Optical genome mapping validated
A new study validated Optical Genome Mapping (OGM) for detecting complex structural variants missed by exome sequencing, using a hybrid workflow with long‑read sequencing. The approach could expand genomic analyses available from cytology-derived nucleic acid when traditional exomes fall short. (x.com/OuterWebster/status/2038071497059655817)

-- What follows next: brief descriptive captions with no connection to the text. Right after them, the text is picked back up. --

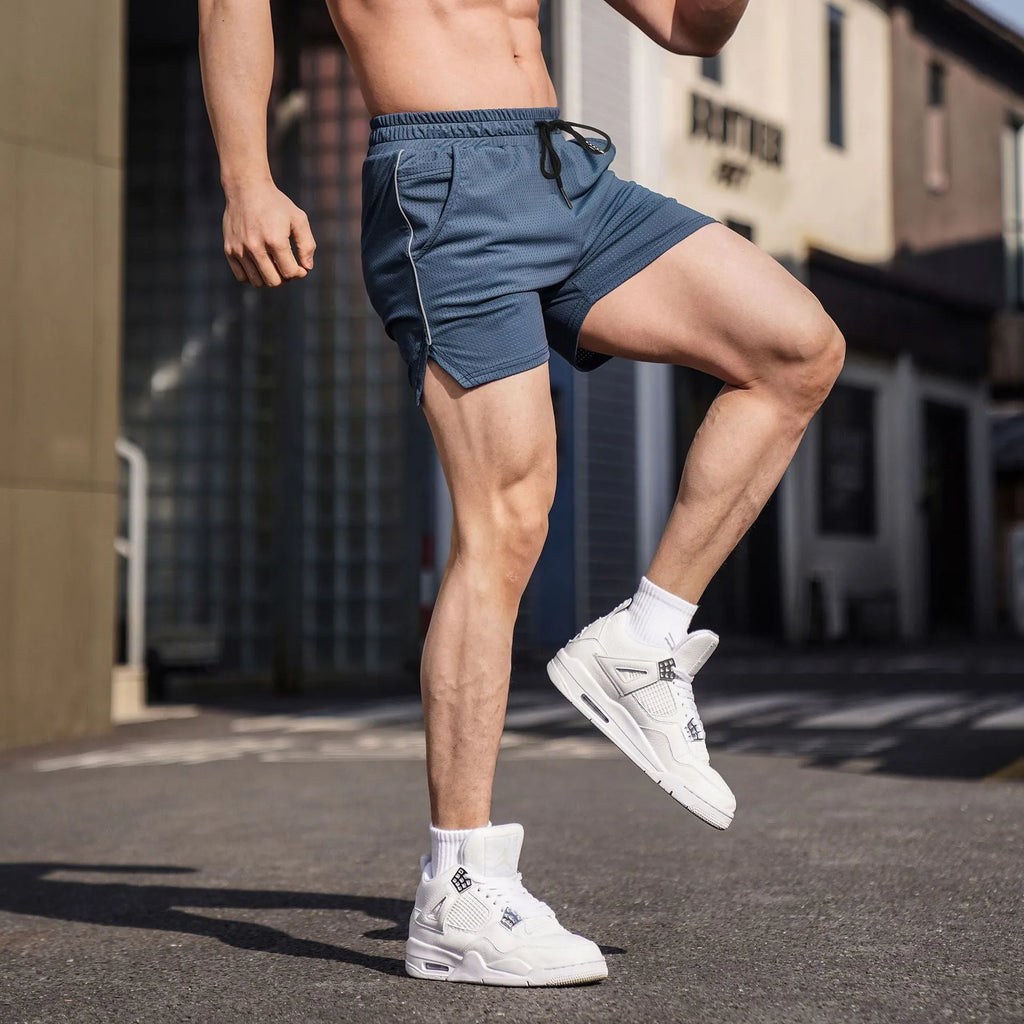 Men's black polyester sports shorts with straight-leg design for fitness and casual wear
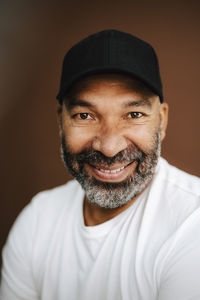 Smiling man with cap against brown background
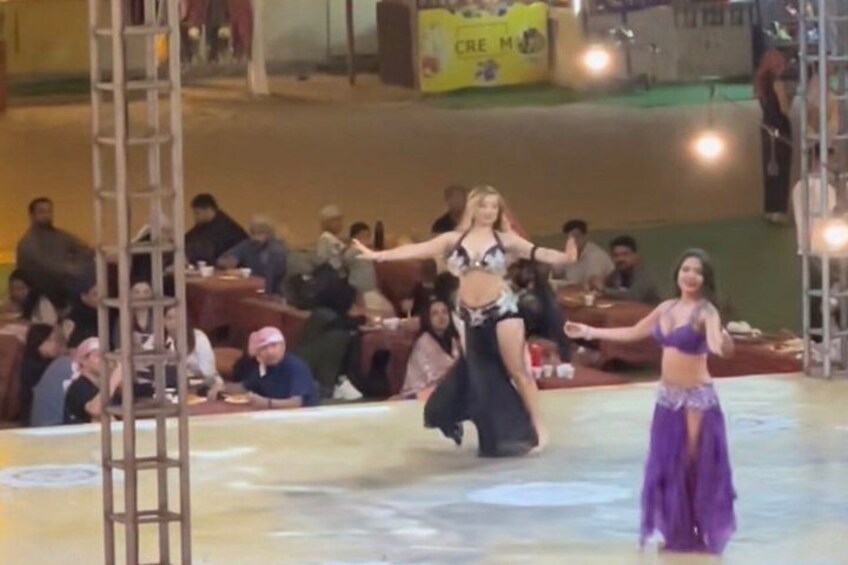 A stage with two dancers performing. 2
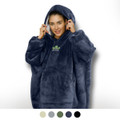 A woman wearing a navy blue hoodie blanket with a large hood and a front pocket, featuring a logo.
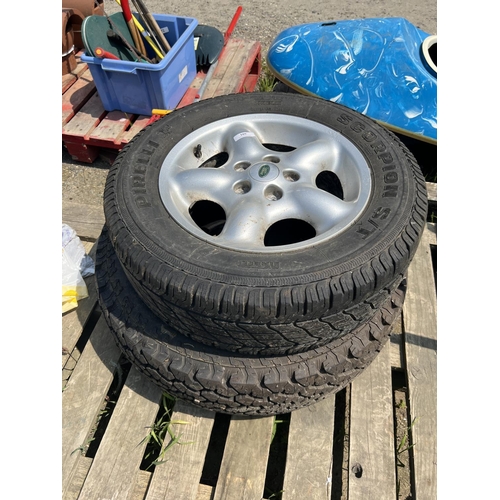 109 - An aluminium Land Rover wheel and tyre 215/R16 together with an LT235/85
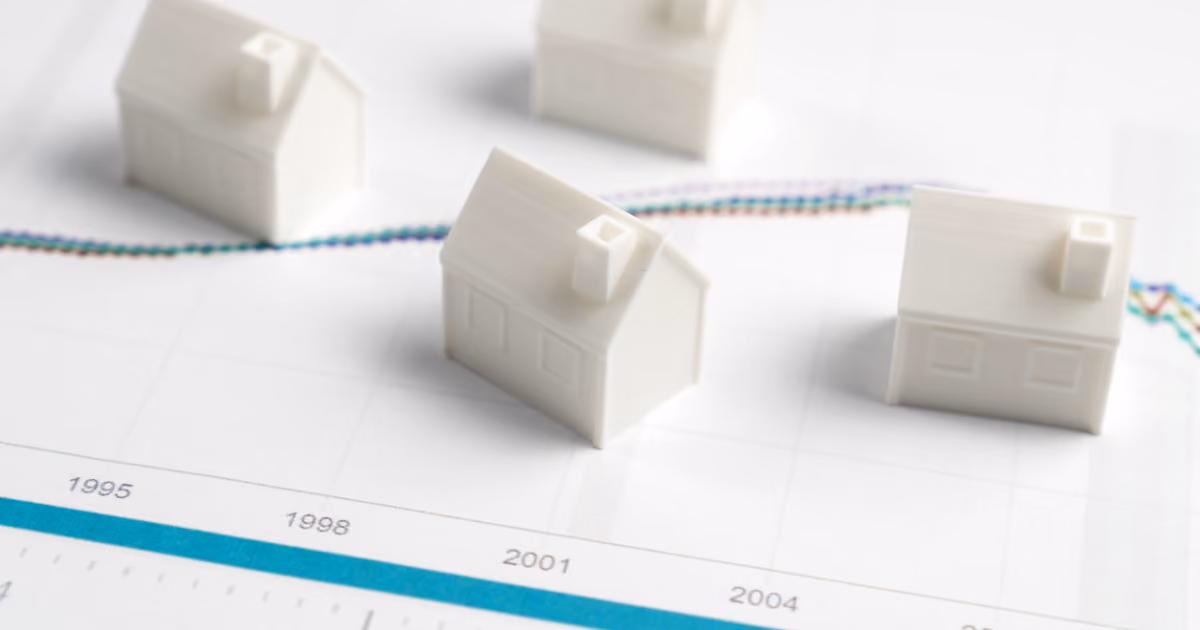 Model houses sitting on top of a graph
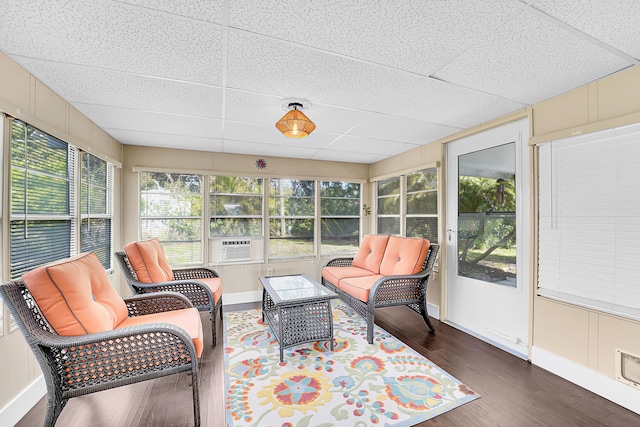 sunroom / solarium featuring a paneled ceiling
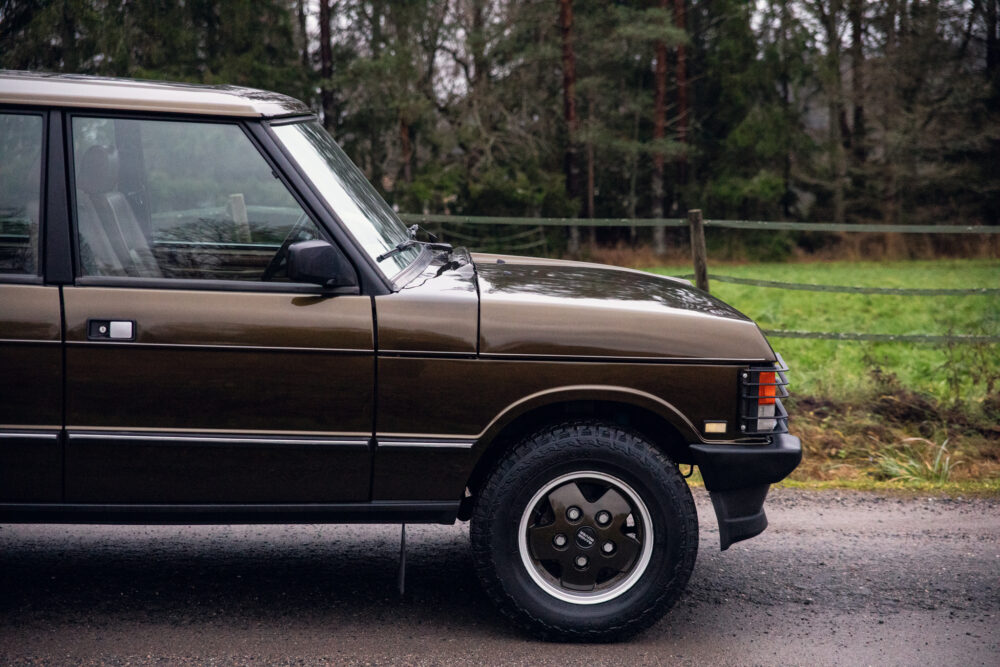 Vintage brown SUV parked on a damp country road
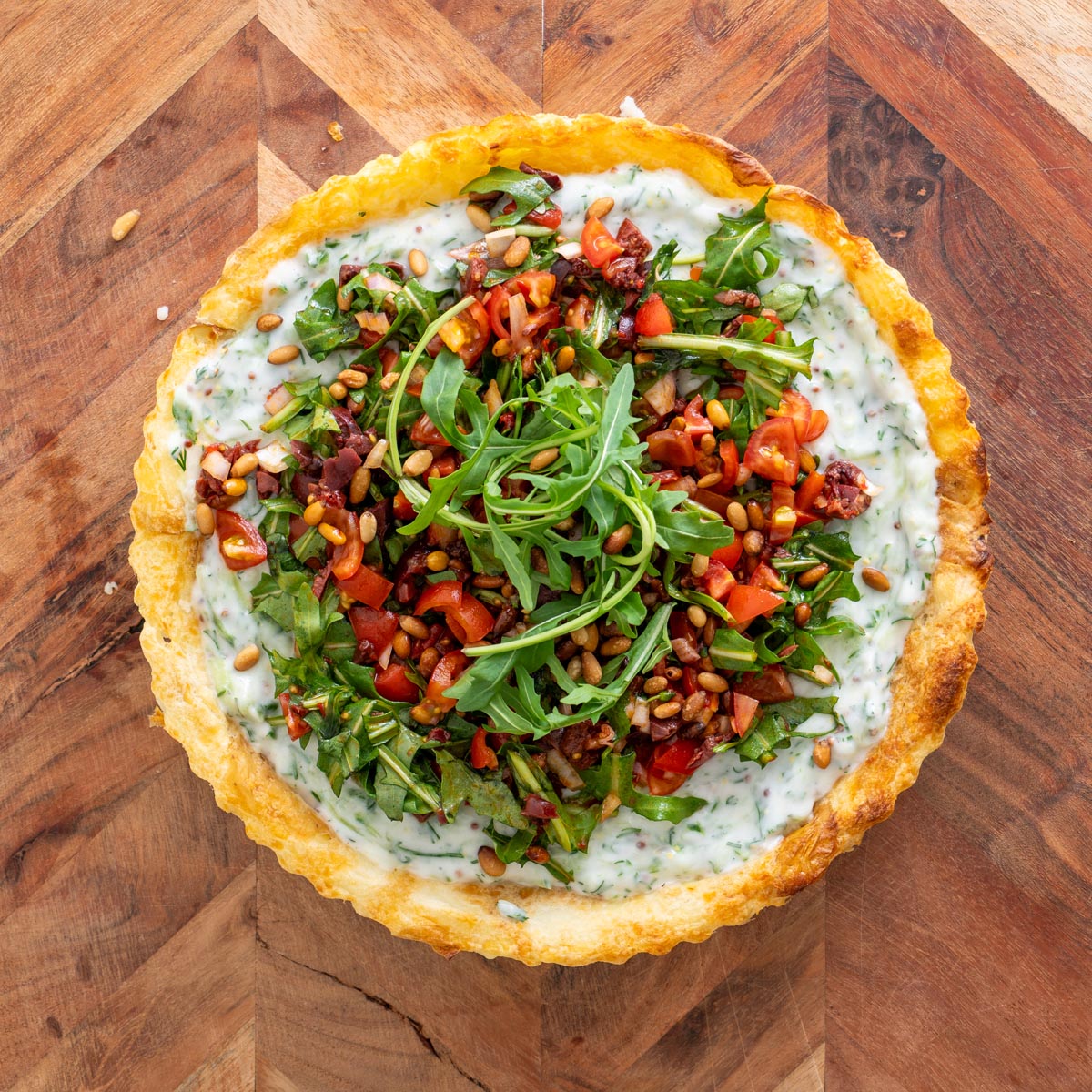 Tzatziki spread evenly over the baked potato crust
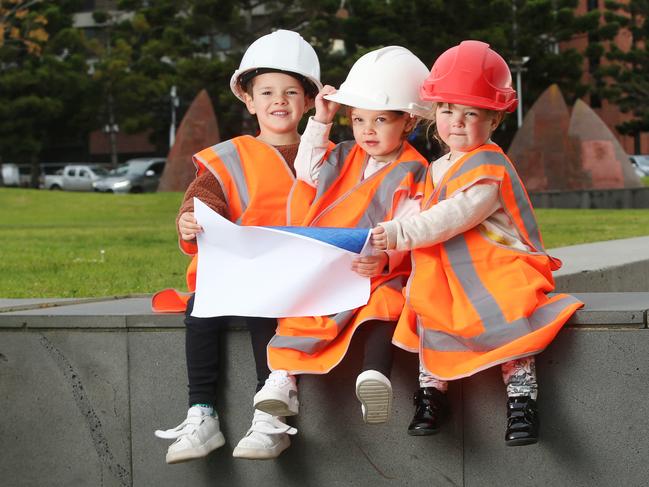 Asher, Eli and Elisie plan for the future of Geelong. Three Geelong children building a better future for Geelong. To go with the launch of the Future Geelong Awards, future leaders of the region in construction gear, ready to help build Geelong's future. Picture: Alan Barber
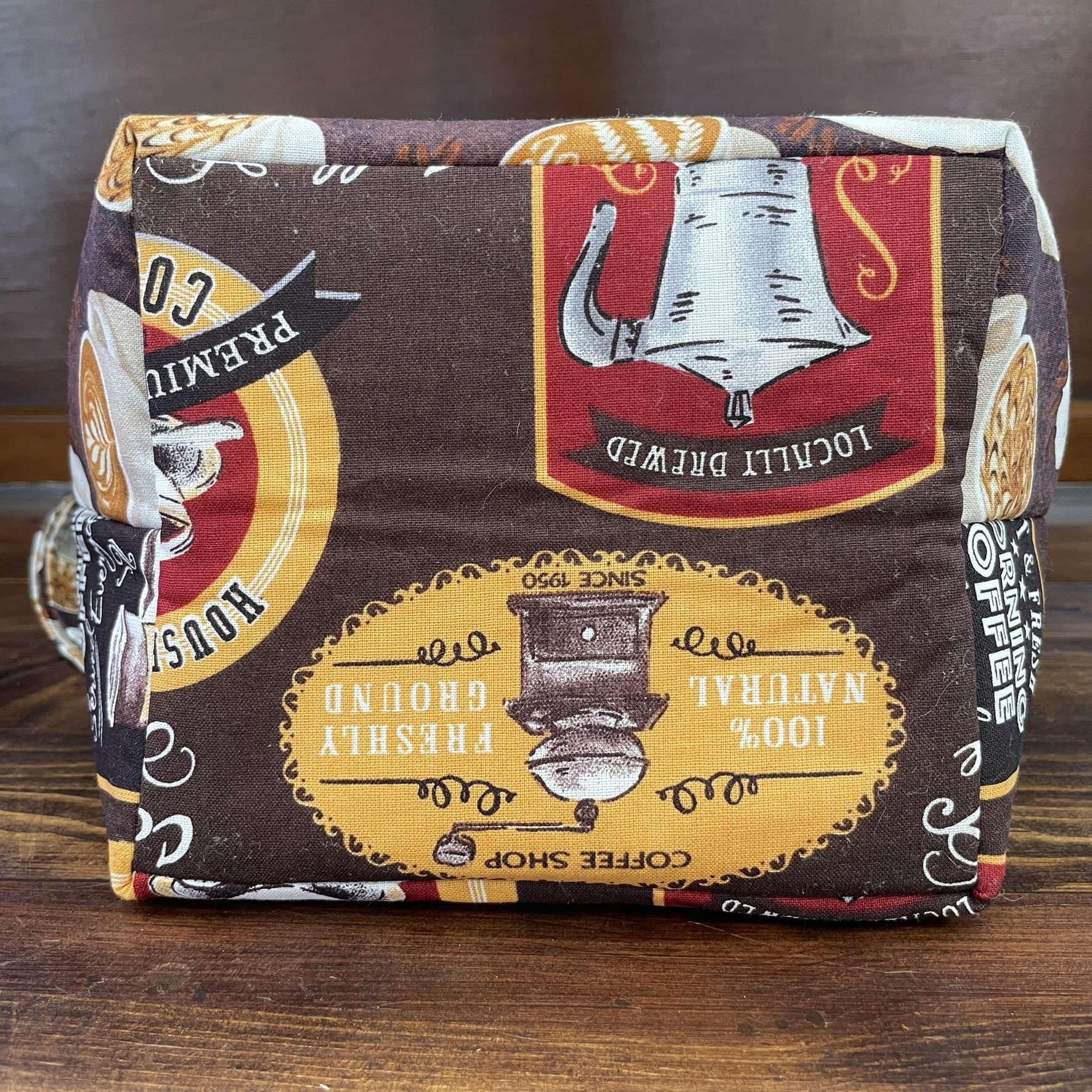 Bottom view of a large coffee-themed project bag, highlighting the fabric’s coffee grinder and espresso cup motifs.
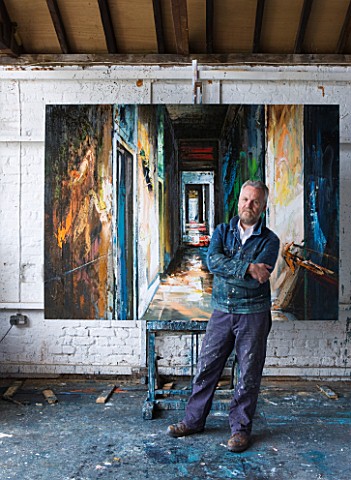 THE_HOUSE_OF_JOHN_AND_SUE_MONKS__LONDON_JOHN_IN_HIS_STUDIO_BESIDE_AN_OIL_PAINTING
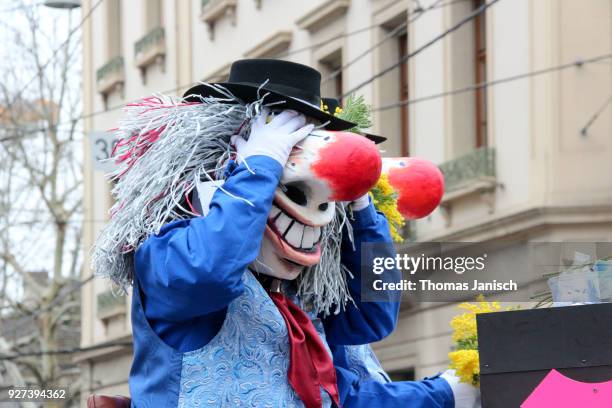 waggis covering his eyes on a carriage during the parade of the basler fasnacht - waggis stock pictures, royalty-free photos & images
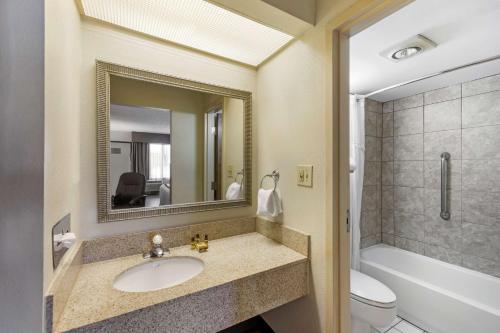 a bathroom with a sink and a toilet and a mirror at Best Western Plus Madison-Huntsville Hotel in Madison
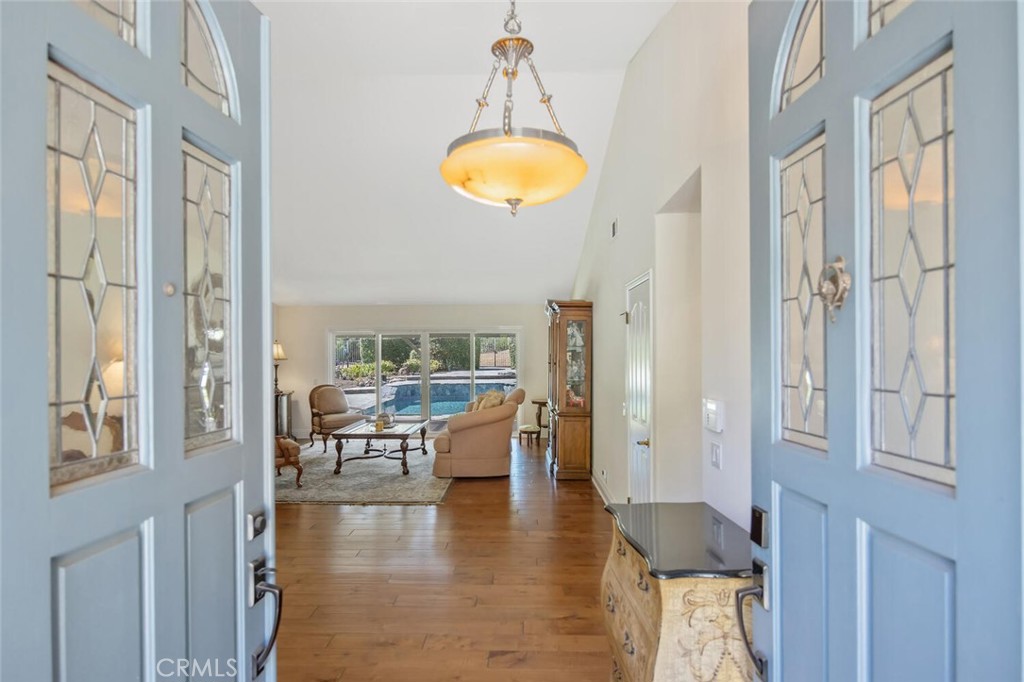 12738 Rosedale Court Camarillo, CA 93012 - Photo 8 of 66 a dining room with chandelier fan and wooden floor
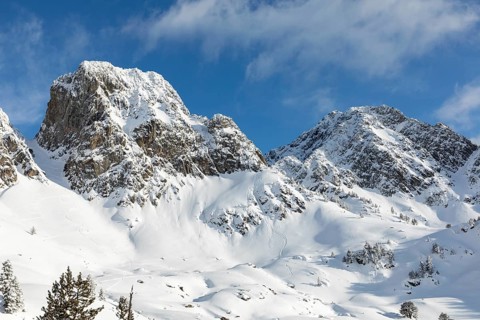 A breathtaking view of snow-laden mountains under a clear blue sky, perfect for adventurous winter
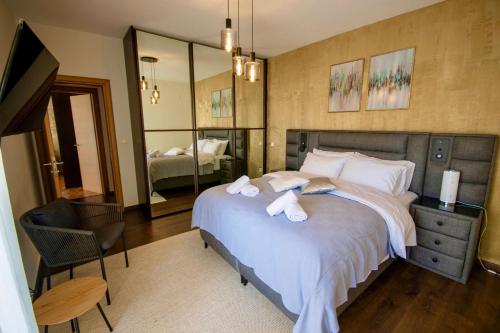 a bedroom with a large bed with towels on it at LUXE COASTAL RETREAT Apartment in Alexandroupoli
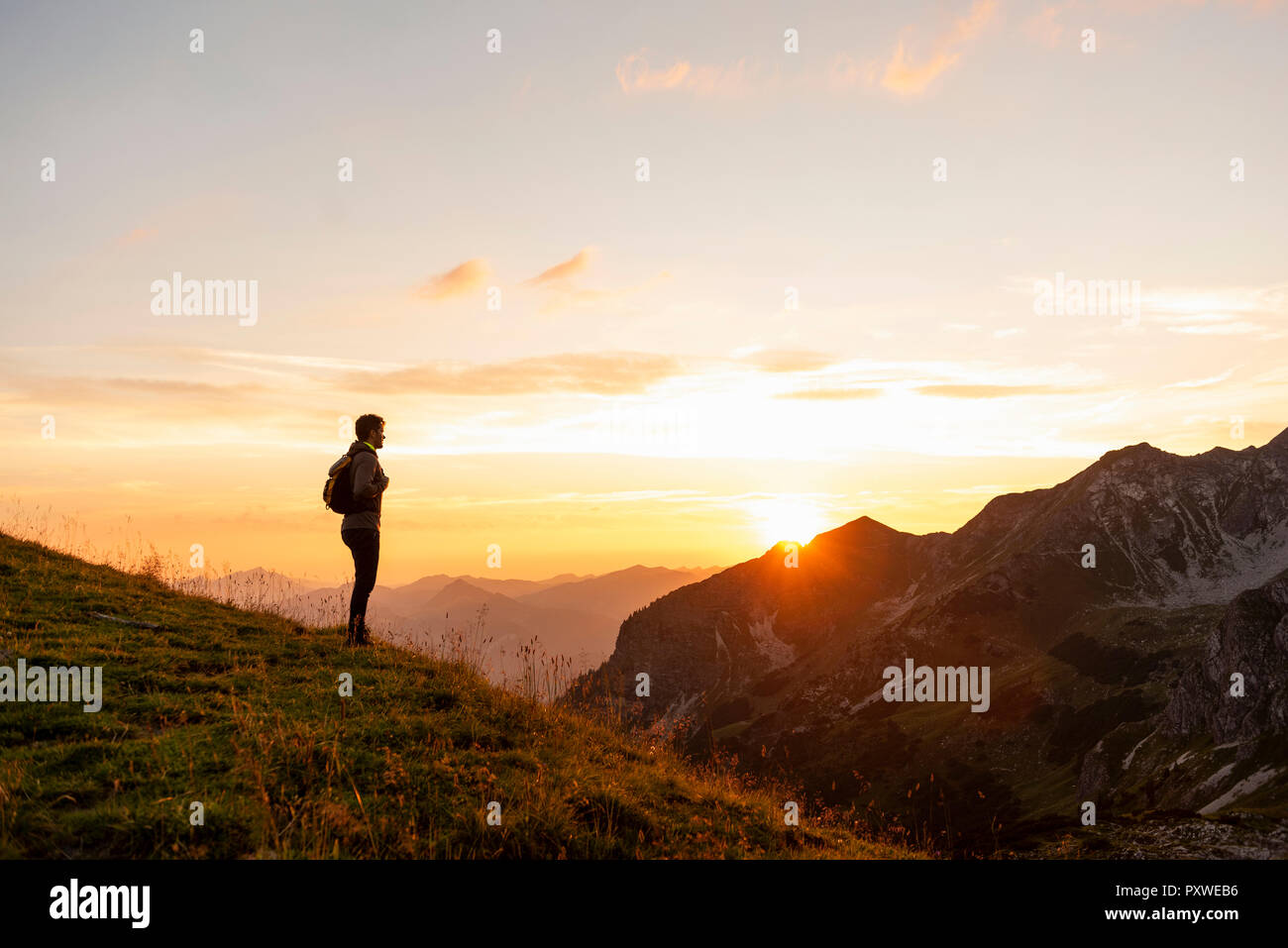 Allemagne, Bavière, Oberstdorf, l'homme l'occasion d'une randonnée dans les montagnes à la recherche de voir au coucher du soleil Banque D'Images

npj Genomic Medicine published an open‑access study titled "Completely resolved structural variants by optical genome mapping with adaptive sampling from CNV discovery" by Li Fu et al., accepted 6 March 2026 and posted 26 March 2026. (nature.com) The authors applied optical genome mapping (OGM) to 30 cases that had copy‑number variants (16 deletions, 7 duplications, 7 mixed) originally flagged by exome sequencing, and OGM revealed additional structural variants in 14 of 30 cases (46.7%). (researchsquare.com) Targeted Oxford Nanopore long‑read sequencing with adaptive sampling was used to resolve OGM‑identified events to nucleotide breakpoints, and the hybrid workflow produced breakpoint‑level resolution that explained clinical features in 7 of 30 cases (23.3%). (researchsquare.com) (oxfordnanoporedx.com) The manuscript reports that OGM detected and fully resolved complex rearrangements involving multiple chromosomal segments and breakpoints that conventional exome analysis failed to reconstruct. (sciety.org) OGM workflows begin with isolation of ultra‑high molecular weight (UHMW) DNA (commonly >150 kb) and vendors publish validated extraction and labeling kits for blood, bone marrow, cultured cells, tissue and tumor biopsies for the Bionano Saphyr platform. (bionano.com 1) (bionano.com 2) Peer‑reviewed literature and lab‑validation resources confirm cytology preparations (cell blocks, touch imprints and cytology supernatants) can yield high‑quality DNA for NGS‑level assays, indicating existing cytology‑derived nucleic acid sources are documented as usable for molecular testing workflows in diagnostic labs. (colab.ws) (mdanderson.elsevierpure.com)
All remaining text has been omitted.